▶ **REQUIREMENT**
Leave the pictures behind and reproduce every line of the listing exactly.

▶ **AVAILABLE DATA**
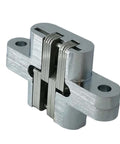 Invisible Concealed Cross Hinges For Wood And Metal Doors, Satin Nickel Finish, side view showing interlocking mechanism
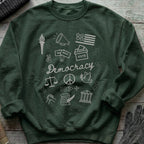 Democracy Bootleg Collage Sweatshirt - Political Protest Activist Crewneck
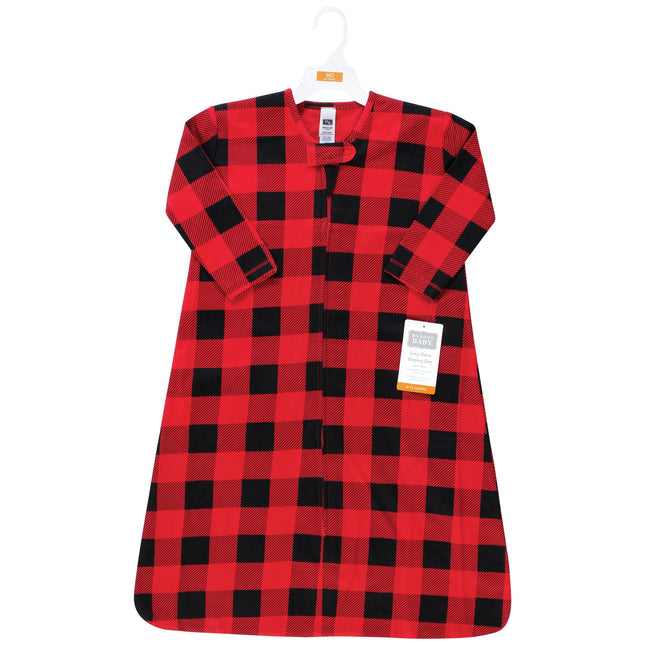 Hudson Baby Unisex Long Sleeve Cotton Jersey Sleeping Bag, Buffalo Plaid, Buffalo Plaid, 0-6 Months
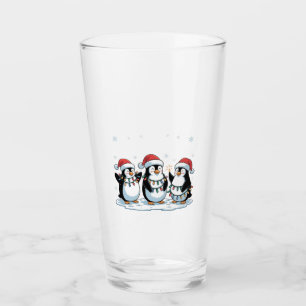 Niedlicher Pinguin mit Weihnachtsmannmütze Xmas Pi Glas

▶ **RESPONSE AREA**
 Invisible Concealed Cross Hinges For Wood And Metal Doors, Satin Nickel Finish, side view showing interlocking mechanism
 Democracy Bootleg Collage Sweatshirt - Political Protest Activist Crewneck
 Hudson Baby Unisex Long Sleeve Cotton Jersey Sleeping Bag, Buffalo Plaid, Buffalo Plaid, 0-6 Months
 Niedlicher Pinguin mit Weihnachtsmannmütze Xmas Pi Glas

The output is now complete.